Maybe it’s because it’s an election year, or because football season is just heating up, or because things in the world are not stable as we’d like them to be, but for whatever the reason, our world seems like a pretty divisive place these days. It is hard to find what, if any, common thread streams through all of society, binding us together with one shared value or foundation. But I think I may have found the one force that spans all socio-economic groups, ages, education levels, and even sports team loyalties and political party affiliations? Want to know what it is? Reality TV. You know these shows: American Idol, The Real Housewives, The Amazing Race, and the list goes on and on with unparalleled popularity. My personal favorite right now is Storage Wars, and I watch with bated breath hoping for the day they find a shofar in one of these storage lockers! It seems we just can’t stop watching this so-called “reality”. Interestingly enough, a little while back, Psychology Today published a study that addressed why. It concluded: “Ordinary people can watch the shows, see people like themselves and imagine that they too can become celebrities….”[i] Ironically, reality TV provides the ultimate escape from reality, because on some basic level, behind the quest for fame is the human desire to have significance beyond oneself; it is ultimately the quest for immortality.
Unfortunately, that quest, as we know, is a futile one. No one lives forever. We know it’s unrealistic. But in our world where it is hard to know what is real, where much of our reality seems unfixed and un-centered, it’s hard to find something to hold on to.
So today, I want us to get real - real in a way that doesn’t indulge a fantasy, that isn’t mind-numbing and simple, but in a way that provides some traction. But to do that, we’re going to need to get out of our comfort zones a bit, in a way that might be difficult. I promise it will be worth it in the end. OK?
Let’s start with what is arguably the only real religious question there is: If there is an all knowing Divine being we call God who is good, then why do bad things happen?

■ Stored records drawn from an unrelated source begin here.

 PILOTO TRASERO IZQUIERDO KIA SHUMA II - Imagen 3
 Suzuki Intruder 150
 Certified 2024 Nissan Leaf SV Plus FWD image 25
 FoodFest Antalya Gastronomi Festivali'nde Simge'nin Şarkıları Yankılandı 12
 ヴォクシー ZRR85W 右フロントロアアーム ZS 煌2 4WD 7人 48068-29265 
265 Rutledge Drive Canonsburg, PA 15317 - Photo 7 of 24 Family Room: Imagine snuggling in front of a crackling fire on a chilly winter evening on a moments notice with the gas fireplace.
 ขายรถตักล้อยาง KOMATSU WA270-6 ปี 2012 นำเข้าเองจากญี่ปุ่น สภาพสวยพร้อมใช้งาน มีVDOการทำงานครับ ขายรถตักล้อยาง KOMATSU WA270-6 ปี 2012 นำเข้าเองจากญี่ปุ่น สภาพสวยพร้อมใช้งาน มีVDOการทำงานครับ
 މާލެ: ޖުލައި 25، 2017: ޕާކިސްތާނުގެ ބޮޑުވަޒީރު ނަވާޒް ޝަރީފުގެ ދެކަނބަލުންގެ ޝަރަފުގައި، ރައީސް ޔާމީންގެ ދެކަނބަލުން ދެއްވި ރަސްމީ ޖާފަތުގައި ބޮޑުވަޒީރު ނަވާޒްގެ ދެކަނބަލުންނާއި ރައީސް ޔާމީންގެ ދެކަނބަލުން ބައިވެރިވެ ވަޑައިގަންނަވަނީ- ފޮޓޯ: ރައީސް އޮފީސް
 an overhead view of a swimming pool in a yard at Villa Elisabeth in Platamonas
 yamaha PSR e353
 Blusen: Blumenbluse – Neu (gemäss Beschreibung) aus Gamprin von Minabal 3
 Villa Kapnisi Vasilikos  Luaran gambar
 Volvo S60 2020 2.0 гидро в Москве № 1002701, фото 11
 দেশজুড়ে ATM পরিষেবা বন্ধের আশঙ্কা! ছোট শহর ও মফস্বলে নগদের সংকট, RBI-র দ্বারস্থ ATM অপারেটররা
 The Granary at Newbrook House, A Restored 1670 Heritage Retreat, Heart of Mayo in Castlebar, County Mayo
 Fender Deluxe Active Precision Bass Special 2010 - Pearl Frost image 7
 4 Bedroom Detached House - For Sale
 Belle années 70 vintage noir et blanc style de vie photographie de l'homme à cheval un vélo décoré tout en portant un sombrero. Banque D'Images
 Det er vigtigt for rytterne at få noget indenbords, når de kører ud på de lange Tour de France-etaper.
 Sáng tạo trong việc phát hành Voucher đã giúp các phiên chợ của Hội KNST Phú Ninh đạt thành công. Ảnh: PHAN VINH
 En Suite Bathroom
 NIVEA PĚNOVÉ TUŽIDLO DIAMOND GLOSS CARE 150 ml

Yom Kippur’s liturgical centerpiece – Unetaneh Tokef – seems to give us the answer. You know it – “Let us proclaim the sacred power of this day – it is awesome and full of dread. On Rosh Hashanah it is written, on Yom Kippur it is sealed. Who shall live and who shall die.” It’s really scary, difficult stuff – at least it is for me. But after the long, frightening list, the passage seems to indicate how we can avert our fate – “uteshuvah, utefilah, utzedakah maavirin et roah hagzeirah – but repentance prayer and charity temper judgment’s severe decree.” In other words: do good stuff, like repenting, praying, and giving charity, and you’ll be ok. Don’t and the consequences are clear. So the answer to that question we asked before seems to be that if good things happen to people, God is rewarding them and if bad things happen, God is punishing them. For me, and likely for many of you, this concept proves hard to swallow.
But on the surface, we buy in. Like the child that learns early on that actions have consequences, we as adults often unintentionally internalize the doctrine of reward and punishment. We ask of some insignificant problem – say getting stuck in traffic when we are already running late – “what did I do to deserve this?” then searching for some offense we must have committed that would yield such a punishment. “If only I hadn’t yelled at my spouse this morning” or “I should have given the guy outside of Starbucks the change in my pocket instead of ignoring him and walking away.”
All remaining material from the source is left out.